* **Data for this task**:
——

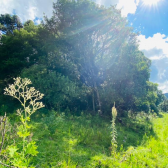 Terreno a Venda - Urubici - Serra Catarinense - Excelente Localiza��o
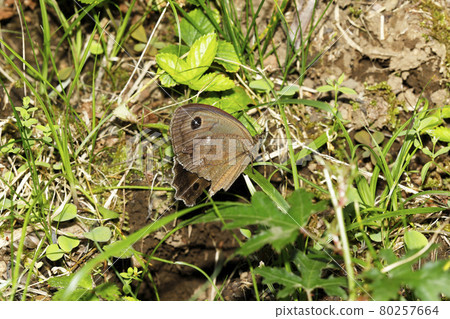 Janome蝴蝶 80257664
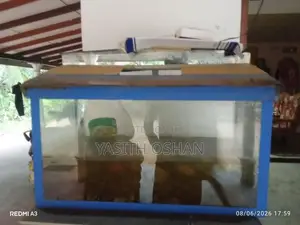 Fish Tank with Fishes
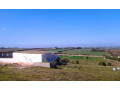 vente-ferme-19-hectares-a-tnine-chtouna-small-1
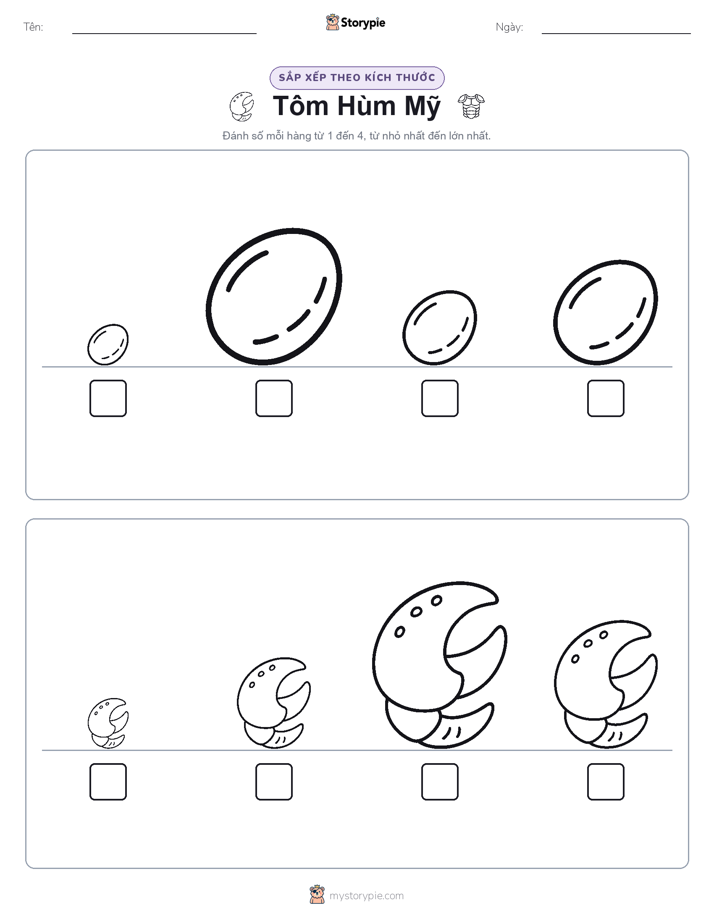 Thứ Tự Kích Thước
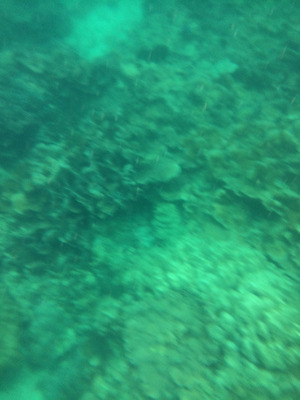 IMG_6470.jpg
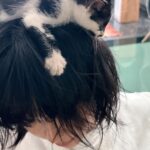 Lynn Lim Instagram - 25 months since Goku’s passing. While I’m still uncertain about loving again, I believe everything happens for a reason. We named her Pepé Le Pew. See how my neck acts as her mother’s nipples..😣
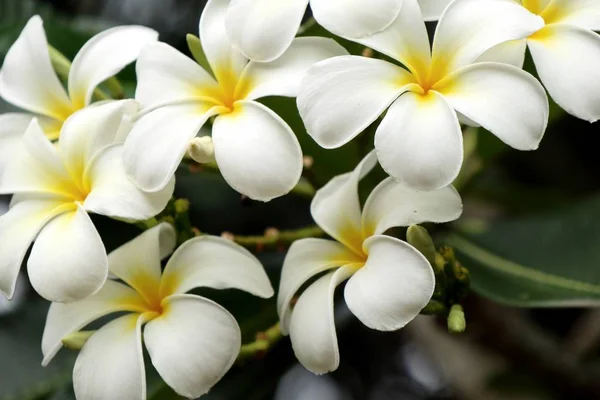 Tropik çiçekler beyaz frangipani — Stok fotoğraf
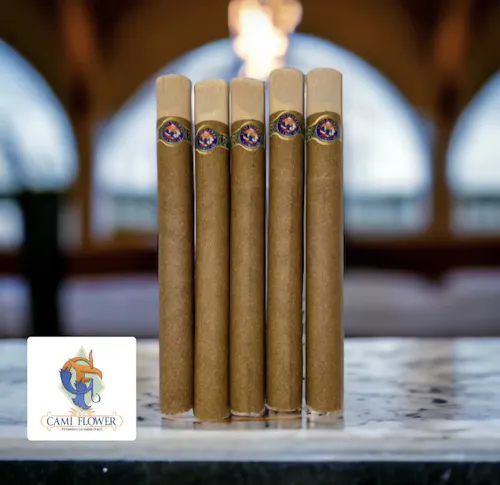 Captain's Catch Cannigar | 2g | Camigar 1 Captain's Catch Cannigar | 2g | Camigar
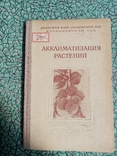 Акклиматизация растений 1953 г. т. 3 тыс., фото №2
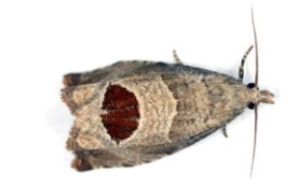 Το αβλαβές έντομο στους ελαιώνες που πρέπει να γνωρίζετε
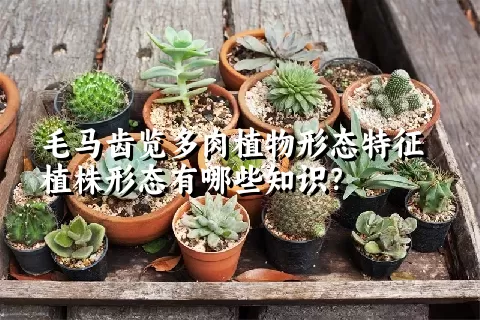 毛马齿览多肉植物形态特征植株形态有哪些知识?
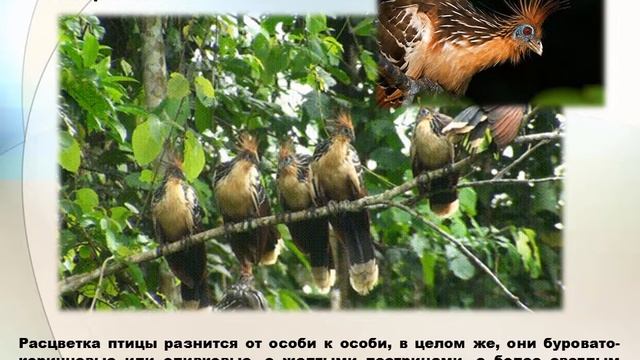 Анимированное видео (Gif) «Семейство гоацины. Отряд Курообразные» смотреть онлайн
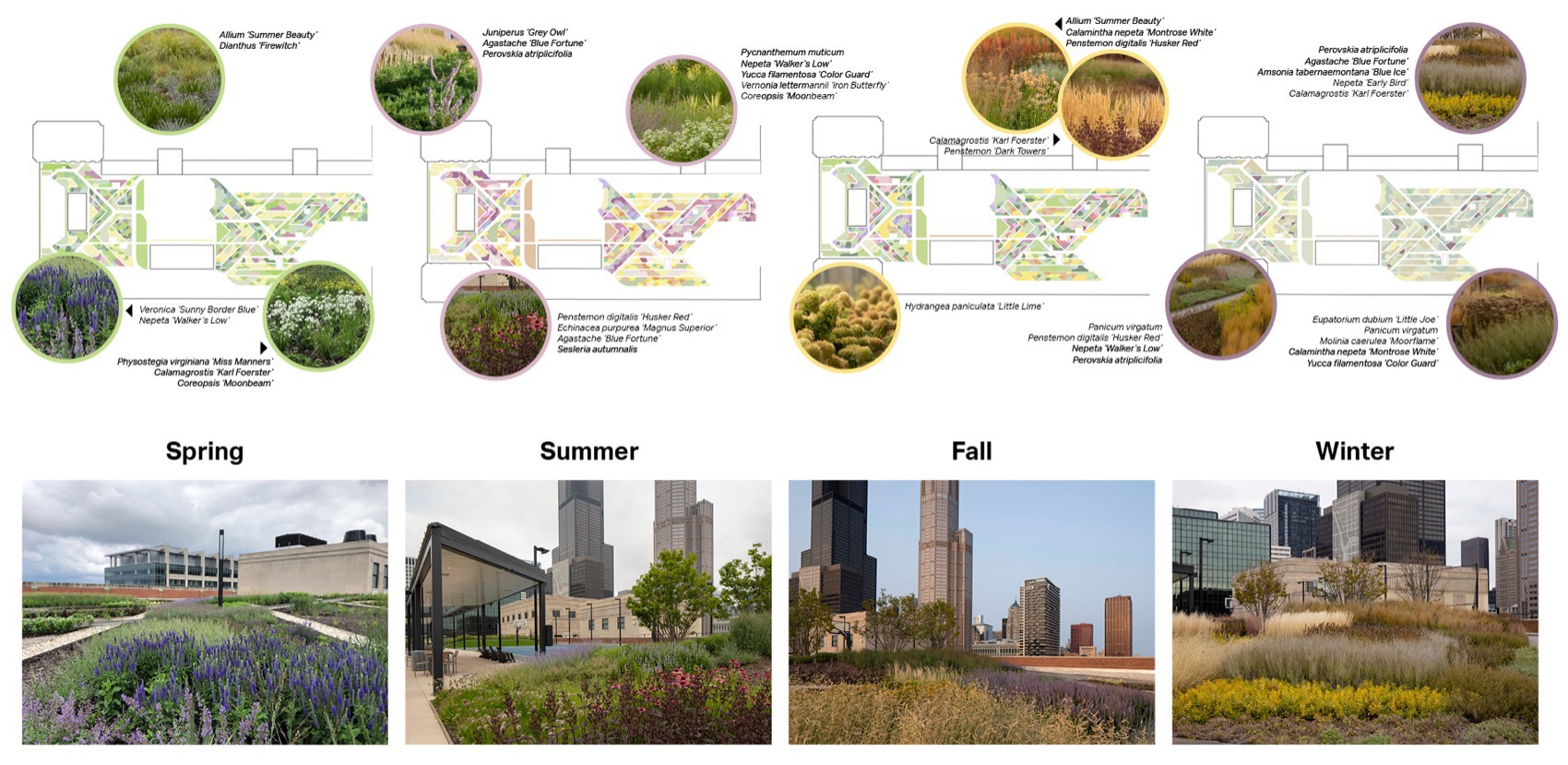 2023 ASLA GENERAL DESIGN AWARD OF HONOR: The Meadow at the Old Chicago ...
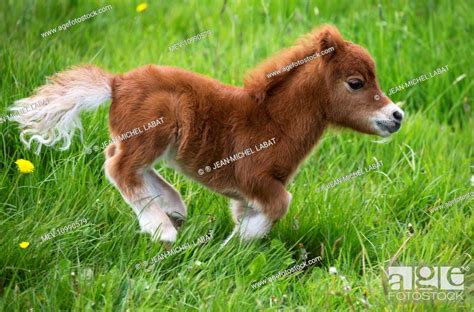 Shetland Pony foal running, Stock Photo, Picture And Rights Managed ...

——

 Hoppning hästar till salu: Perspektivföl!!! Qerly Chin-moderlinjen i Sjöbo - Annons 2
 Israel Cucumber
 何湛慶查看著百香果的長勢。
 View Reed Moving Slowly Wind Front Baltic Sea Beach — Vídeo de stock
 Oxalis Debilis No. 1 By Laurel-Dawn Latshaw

——

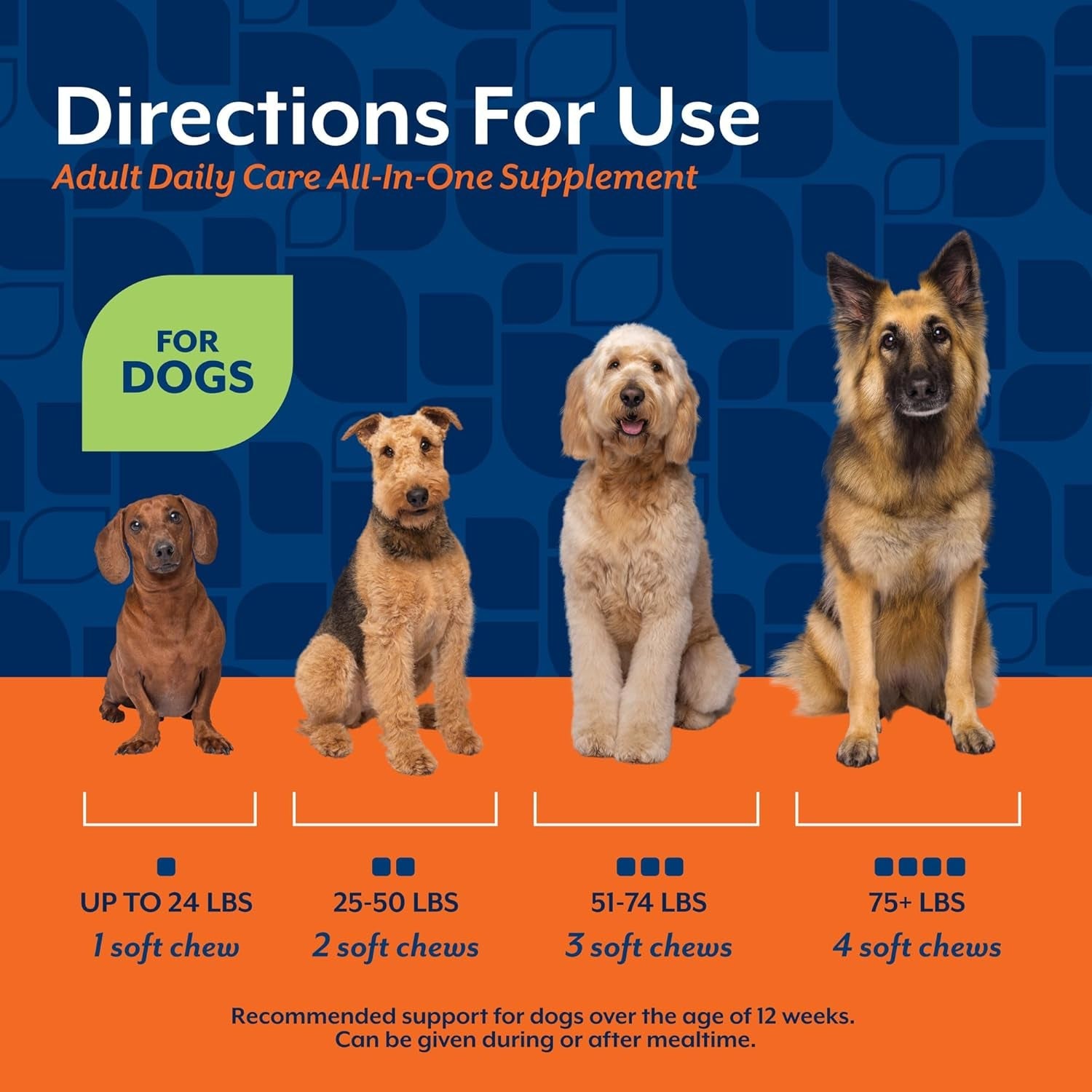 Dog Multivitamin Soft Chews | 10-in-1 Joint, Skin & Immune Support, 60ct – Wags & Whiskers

——

* **Task directions**:
Everything above from the line with "Lynn Lim Instagram" through the line with "Rights Managed ..." should be retyped exactly, and nothing else; omit pictures.

* **Output for this task**:
 Lynn Lim Instagram - 25 months since Goku’s passing. While I’m still uncertain about loving again, I believe everything happens for a reason. We named her Pepé Le Pew. See how my neck acts as her mother’s nipples..😣
 Tropik çiçekler beyaz frangipani — Stok fotoğraf
 Captain's Catch Cannigar | 2g | Camigar 1 Captain's Catch Cannigar | 2g | Camigar
 Акклиматизация растений 1953 г. т. 3 тыс., фото №2
 Το αβλαβές έντομο στους ελαιώνες που πρέπει να γνωρίζετε
 毛马齿览多肉植物形态特征植株形态有哪些知识?
 Анимированное видео (Gif) «Семейство гоацины. Отряд Курообразные» смотреть онлайн
 2023 ASLA GENERAL DESIGN AWARD OF HONOR: The Meadow at the Old Chicago ...
 Shetland Pony foal running, Stock Photo, Picture And Rights Managed ...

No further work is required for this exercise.